Monseñor Alberto Vera, obispo de Nacala, en Mozambique, ha recorrido nuestra diócesis para dar a conocer su misión. La misión de Chipene fue asaltada y quemada, y asesinaron a una misionera entre otras personas locales en septiembre de 2022. En la actualidad, la Diócesis de Nacala acoge a más de 50.000 desplazados como consecuencia de la guerra y ataques yihadistas en la provincia vecina de Cabo Delgado. 

-Un riojano que acaba en tierras africanas. ¿Cómo ha sido su experiencia en estos años?

Tengo 25 misiones, cada una podría ser, yo creo que casi, como una provincia de España. No como una provincia, pero casi. Tengo misiones que tienen 3000 kilómetros cuadrados como el caso de Chipene. Dentro de estas misiones funcionan con muchas pequeñas comunidades. Cuando hay un grupo por lo menos de 20 o 30 que son cristianos y que tienen una participación continua, entonces ahí se organiza la estructura base animadora de la comunidad catequista, un grupo coral, de animación y ministerio, principalmente de caridad. Estos son los tres elementos fundamentales.
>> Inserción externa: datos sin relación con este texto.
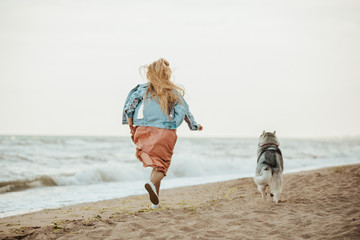 dog with girl running on the sea shore husky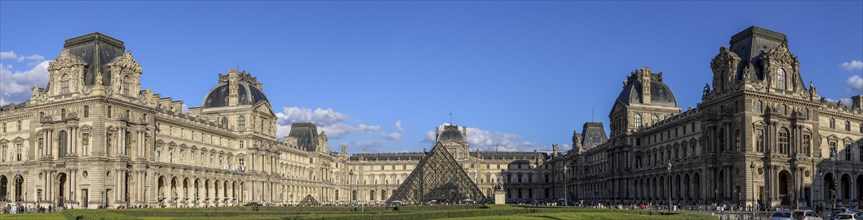 Panoramic photo of the Louvre Museum building and the glass pyramid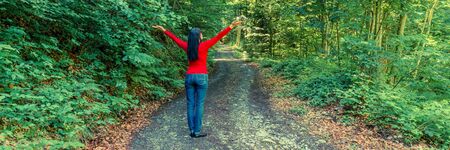 Woman in the forest on the edge. She raised her hands up in an appeal to nature. Sun rays in the trees. Further prospects of the road.の写真素材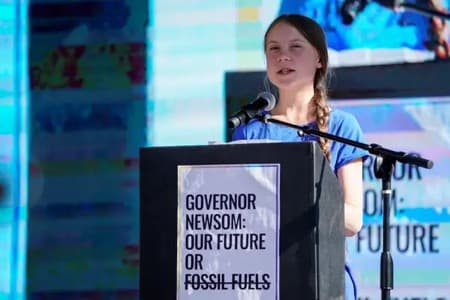 Photo of Greta Thunberg wearing blue shirt speaking at podium during her US campaign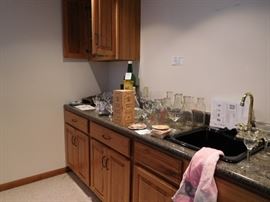 milk  bottles, glassware,  behind  bar  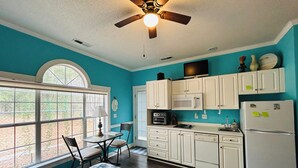 A kitchen with white cabinets, a microwave, and a refrigerator. There is a window with a view of trees and a ceiling fan. - Amazing Studio, 5 minutes to the Private Beach.  (Myrtle Beach)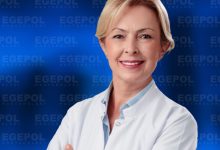 Kısa açık renk saçlı ve gülümseyen Uzm. Dr. Tuğba Emüroğlu, beyaz hekim önlüğüyle kollarını çapraz şekilde bağlamış halde görülüyor. Arka planda mavi zemin üzerinde tekrarlanan “EGEPOL HASTANELERİ” yazıları yer alıyor. Genel görünüm profesyonel, güven veren ve kurumsal bir sağlık ortamını yansıtıyor.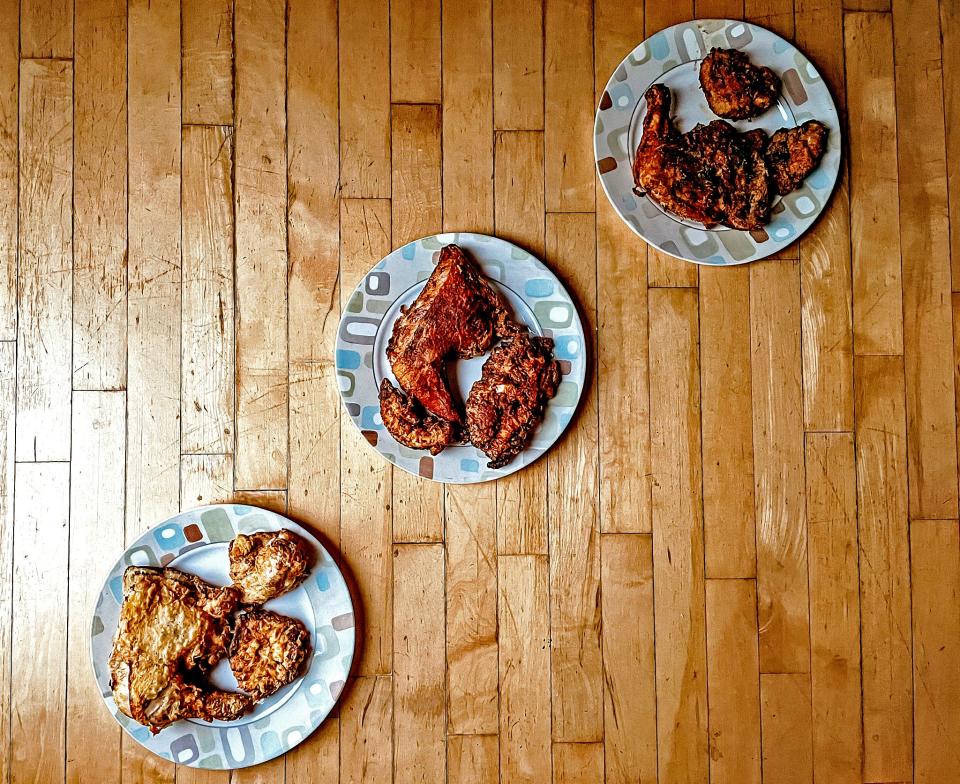 three plates of fried chicken on a diagonal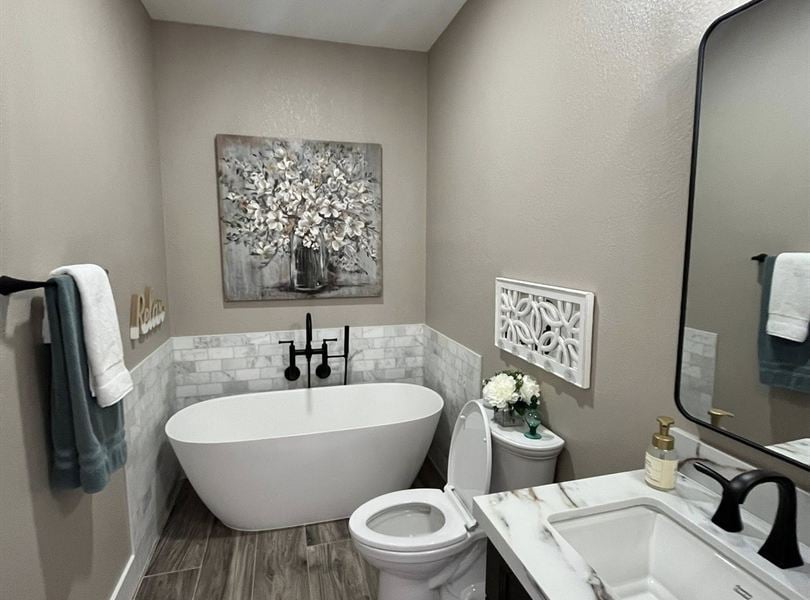 Queen Creek pool house bathroom with freestanding tub, marble-look tile, and black fixtures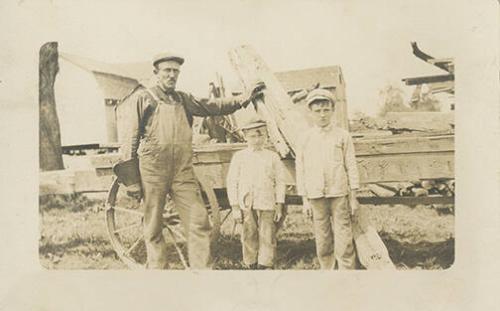 Man and Boys in Front of Wagon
Tenemos un objetivo grande en la promoción de la mujer, tanto a nivel de trabajo, a nivel de producción, a nivel religioso, a nivel de educación… en todos los campos. Y esas pequeñas comunidades forman parte de un grupo de cinco o seis que llamamos zona. Y cuatro o cinco zonas, una región. Y ese es el sistema. Dos sacerdotes están al servicio de ochenta o cien pequeñas comunidades. Y, por lo tanto, hay un trabajo ministerial del laicado muy grande y muy fuerte.
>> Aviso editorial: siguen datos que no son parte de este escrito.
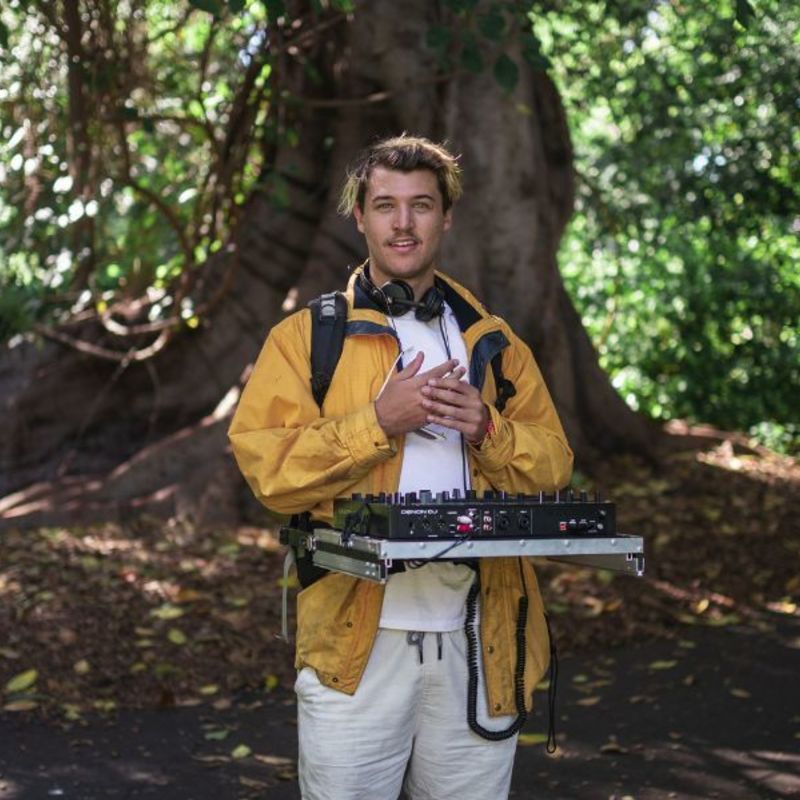 DJ Oscar Reed holding DJ decks in front of large tree
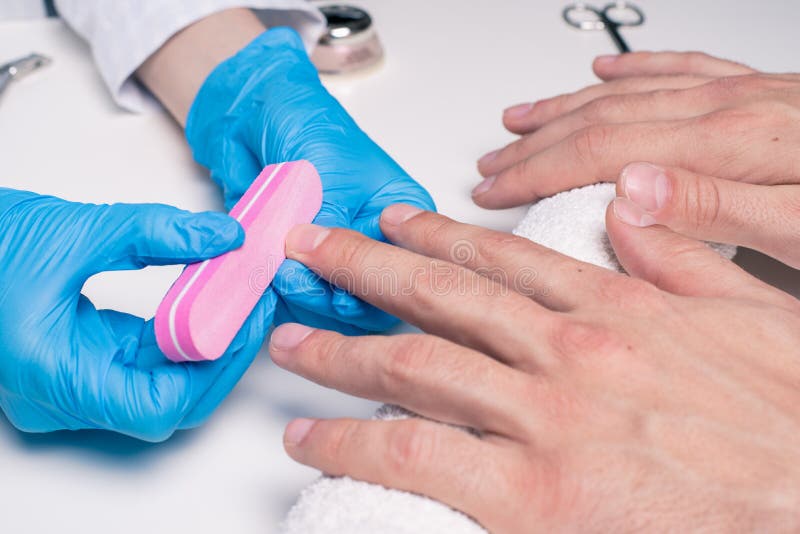 Men`s Manicure. Cosmetologist in Rubber Gloves File Nails on Male Hands.  Stock Photo - Image of finger, body: 118408528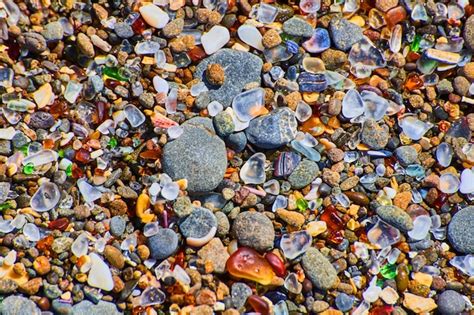 Premium Photo Beach Pebbles Of Smooth Colorful Rocks Covering Coast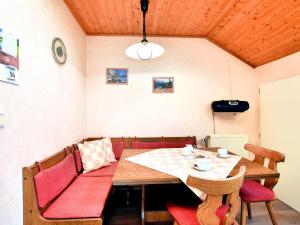 een eetkamer met een houten tafel en rode stoelen bij Beautiful Apartment near Forest in Nidrum in Nidrum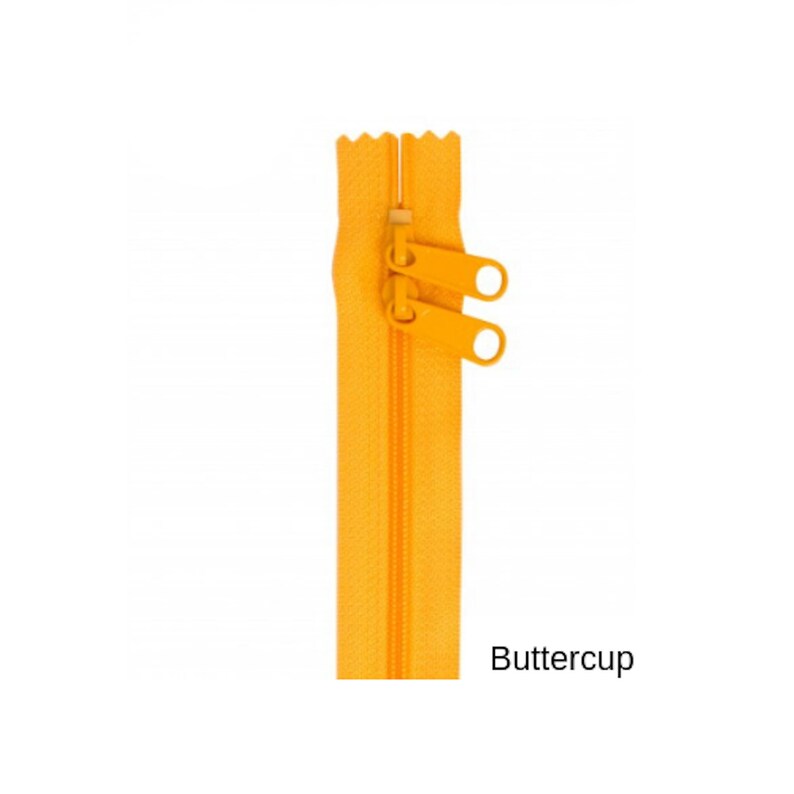 May include: A bright yellow zipper with a double slider and a metal pull. The zipper is labeled "Buttercup".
-¿Cuál es el objetivo principal en este momento en la diócesis?

Uno de los objetivos principales que tenemos en la diócesis es la formación de los laicos, la formación de los catequistas. Tenemos unos cursos durante cinco semanas anuales que se llama ‘formación de formadores’, para que estos laicos, que sean un poco más comprometidos y más capacitados, luego también se conviertan en formadores en sus misiones.

-En su recorrido por nuestra diócesis ha contado que la realidad eclesial allí es diferente a occidente: celebraciones de casi tres horas donde se canta, se celebra, se vive y se implica toda la comunidad. Y también otra diferencia sustancial a nivel social: hay niños que no pueden seguir estudiando porque no se les permite.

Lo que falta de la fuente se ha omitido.